PDFsharp 0.9 contains an early implementation of
PdfSharp.Pdf.Content. ContentReader that converts a content stream in a sequence of instances of objects derived form CObject. My current code also has a
ContentWriter that converts the objects back to a content stream.
This works fine, but it is just the beginning of the problem. The meaning of
Code:
<0044>Tj
can be determined only with the font that is used. PDF has no native support for Unicode. For using Unicode a so called CID (character ID) font must be derived from the underlying TrueType font. 0x0044 is NOT the Unicode character but the glyph id within the TrueType font the CID font is based on.
To reverse lookup which character corresponds to 0x0044 you must use the ToUnicodeMap. It maps glyph IDs to Unicode characters.

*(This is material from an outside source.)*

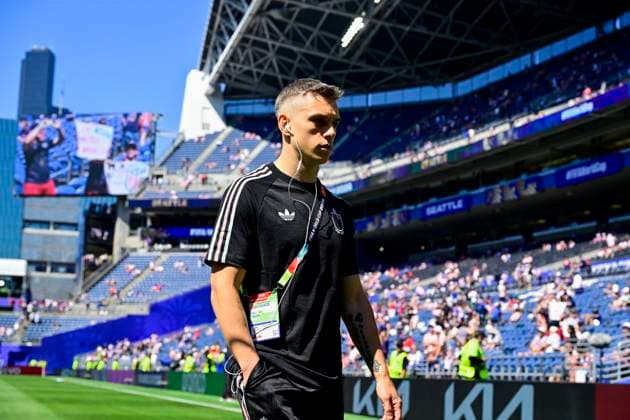 USA vs Belgium - FIFA World Cup, WM, Weltmeisterschaft, Fussball 2026 SEATTLE, UNITED STATES OF AMERICA - JULY 06 : Trossard Leandro forward of Belgium before the start of the game pictured during the FIFA World Cup 2026 round of 16 match between the United States of America and Belgium at the Lumen Field stadium on July 6, 2026 in Seattle, United States of America, 06 07 2026 Seattle United States of America  Copyright: xJanxDexMeuleneirx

In general glyph IDs and Unicode characters are not the same values.
To save space tools like InDesign typically embed only a subset of the Unicode fonts in the PDF file. The subset only contains the glyphs used in your document. To make the structure of the internal tables of this subset font easier, the glyphs are renumbered when the subset font is created. Without the corresponding ToUnicodeMap even Acrobat cannot 'read' your Unicode text anymore (i.e. it cannot copy selected text to the clipboard), even if you can read the text very well because you interpret the stroked glyphs…
Best you can do is to embed the whole font. Then the glyph IDs and Unicode values partially match with an offset. With the help of the ToUnicodeMap you can encode or decode the text.
Regards
Stefan Lange